Datapointsgenerative knowledge-validation

Knowledge Graph Depth

knowledge-validation floor concept multilingual multilingualknowledge-graph

knowledge-graph-depth

What this datapoint measures

Richness of the brand’s representation across knowledge-graph systems beyond Wikidata. Including Google Knowledge Graph, schema-driven knowledge systems, business registries, industry databases, and similar structured-knowledge platforms that AI systems consult.

What high looks like

  • Brand entity present and substantive in multiple knowledge-graph systems
  • Properties consistent across systems (same founding date, same address, same key personnel)
  • sameAs links cross-referencing the entity across systems
  • Industry-specific knowledge graphs include the brand where applicable
  • Verified business listings (Google Business Profile, equivalent regional services)

What low looks like

  • Brand entity in one knowledge-graph system but not others
  • Properties inconsistent across systems (different addresses, different founding dates)
  • No cross-references between systems
  • Industry-specific knowledge graphs missing the brand

What at floor looks like

A brand at floor on knowledge-graph-depth has minimal or no presence across structured-knowledge systems. Wikidata may or may not exist, but other structured-knowledge sources do not represent the brand. The brand’s entity grounding for AI systems comes only from its own self-declared structured data, which is the most easily-questioned source.

The remedy is G-1 (Entity Verification) work executed comprehensively, including knowledge-graph presence beyond Wikidata. This is multi-track: business directories, industry-specific registries, regional knowledge systems where applicable.

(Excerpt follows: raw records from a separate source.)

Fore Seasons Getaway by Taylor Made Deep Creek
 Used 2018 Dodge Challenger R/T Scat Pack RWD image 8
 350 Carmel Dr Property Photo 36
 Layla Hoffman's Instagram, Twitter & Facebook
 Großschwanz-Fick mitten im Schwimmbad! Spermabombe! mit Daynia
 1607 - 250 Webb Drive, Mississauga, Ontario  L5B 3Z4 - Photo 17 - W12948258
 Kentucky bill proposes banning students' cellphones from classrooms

What affects this datapoint

  • Presence across multiple knowledge-graph systems
  • Property consistency across systems
  • sameAs cross-references
  • Industry-specific knowledge-graph presence
  • Verified business listings

OMG actions that influence this datapoint

ActionInfluence
G-1 External Entity Verification, Knowledge Graph & Local AuthorityDirect, primary. G-1 work explicitly builds knowledge-graph depth.
G-11 Wikipedia & Wikidata OptimizationSubstantial. Wikidata is one component; G-11 contributes to the broader depth.
O-7 Compliance & Trust InfrastructureIndirect. Compliance work sometimes surfaces business-registry obligations that contribute to knowledge-graph depth.

Multilingual considerations

Knowledge-graph systems vary by region and language:

  • Google Knowledge Graph operates internationally but with regional variation
  • Regional business registries are language- and country-specific (Indonesia’s KBLI, Japan’s company registries, Taiwan’s MOEAIC)
  • Industry-specific knowledge graphs may be language-specific
  • Per-language Wikipedia articles populate per-language knowledge subgraphs

A brand operating in multiple languages should expect knowledge-graph-depth to lift independently per language and per region. The work in Indonesia is not the work in Japan.

Common failure modes

  • Wikidata presence achieved but no other knowledge-graph work attempted
  • Business registry information out of date or inconsistent with other declarations
  • Industry-specific knowledge graphs ignored (the brand exists in Google’s broad knowledge graph but is missing from sector-specific systems)
  • Different brand information across systems creating contradictions that AI systems detect

Diagnostic interpretation

knowledge-graph-depth at floor is the universal starting state. G-1 work is the systemic remedy.

knowledge-graph-depth at low with wikidata-presence at high indicates Wikidata success without broader G-1 work. The remedy is to expand G-1 beyond Wikidata.

knowledge-graph-depth at high with content-depth (V2.1) at low indicates structured-knowledge presence without underlying content. The brand’s entity is well-represented but the content the entity points to is thin. M-pillar work is the remedy.